Lewi Paul J, de Jonge Marc, Daeyaert Frits, Koymans Luc, Vinkers Maarten, Heeres Jan, Janssen Paul A J, Arnold Eddy, Das Kalyan, Clark Art D, Hughes Stephen H, Boyer Paul L, de Béthune Marie-Pierre, Pauwels Rudi, Andries Koen, Kukla Mike, Ludovici Donald, De Corte Bart, Kavash Robert, Ho Chih
Center for Molecular Design, J&JPRD, Janssen Pharmaceutica N.V, Vosselaar, Belgium.
J Comput Aided Mol Des. 2003 Feb-Apr;17(2-4):129-34. doi: 10.1023/a:1025313705564.
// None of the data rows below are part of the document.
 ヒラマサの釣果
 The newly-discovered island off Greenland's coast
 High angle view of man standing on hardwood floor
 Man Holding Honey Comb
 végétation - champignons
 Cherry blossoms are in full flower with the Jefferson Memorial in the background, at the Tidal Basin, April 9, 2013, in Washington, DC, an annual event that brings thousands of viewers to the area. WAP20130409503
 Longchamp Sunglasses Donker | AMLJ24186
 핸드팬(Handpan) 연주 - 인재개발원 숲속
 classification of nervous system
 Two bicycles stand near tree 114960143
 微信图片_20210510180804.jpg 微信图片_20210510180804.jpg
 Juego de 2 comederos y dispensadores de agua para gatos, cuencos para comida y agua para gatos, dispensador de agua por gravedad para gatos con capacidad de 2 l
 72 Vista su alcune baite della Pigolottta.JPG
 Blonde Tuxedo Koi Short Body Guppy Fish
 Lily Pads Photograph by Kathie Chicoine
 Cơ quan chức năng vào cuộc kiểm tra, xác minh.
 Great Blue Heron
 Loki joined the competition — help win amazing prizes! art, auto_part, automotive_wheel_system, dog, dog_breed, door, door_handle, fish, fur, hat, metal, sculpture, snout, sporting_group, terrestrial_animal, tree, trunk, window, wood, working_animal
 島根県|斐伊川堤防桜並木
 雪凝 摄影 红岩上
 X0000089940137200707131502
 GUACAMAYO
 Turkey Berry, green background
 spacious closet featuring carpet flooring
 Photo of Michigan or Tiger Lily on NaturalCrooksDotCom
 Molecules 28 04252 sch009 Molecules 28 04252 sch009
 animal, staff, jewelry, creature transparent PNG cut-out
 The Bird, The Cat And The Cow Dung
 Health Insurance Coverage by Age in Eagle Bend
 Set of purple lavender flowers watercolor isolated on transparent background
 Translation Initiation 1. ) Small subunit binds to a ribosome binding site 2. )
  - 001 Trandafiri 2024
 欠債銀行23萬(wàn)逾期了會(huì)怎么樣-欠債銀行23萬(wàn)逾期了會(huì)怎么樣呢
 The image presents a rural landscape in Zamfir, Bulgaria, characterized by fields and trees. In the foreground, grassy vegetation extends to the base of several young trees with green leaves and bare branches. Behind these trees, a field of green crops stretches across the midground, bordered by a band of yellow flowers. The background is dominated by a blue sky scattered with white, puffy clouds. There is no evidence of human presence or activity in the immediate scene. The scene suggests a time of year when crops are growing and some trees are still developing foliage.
There are several indications that a given compound or a set of related compounds can bind in different modes to a specific binding site of a protein. This is especially evident from X-ray crystallographic structures of ligand-protein complexes. The availability of multiple binding modes of a ligand in a binding site may present an advantage in drug design when simultaneously optimizing several criteria. In the case of the design of anti-HIV compounds we observed that the more active compounds that are also resilient against mutation of the non-nucleoside binding site of HIV1-reverse transcriptase make use of more binding modes than the less active and resilient compounds.
有若干迹象表明,某一特定化合物或一组相关化合物能够以不同模式结合到蛋白质的特定结合位点上。这从配体 - 蛋白质复合物的X射线晶体学结构中尤为明显。当同时优化多个标准时,配体在结合位点的多种结合模式的存在可能在药物设计中具有优势。在抗HIV化合物的设计中,我们观察到,相比于活性较低且抗突变能力较弱的化合物,那些对HIV1逆转录酶非核苷结合位点的突变具有抗性的活性更高的化合物利用了更多的结合模式。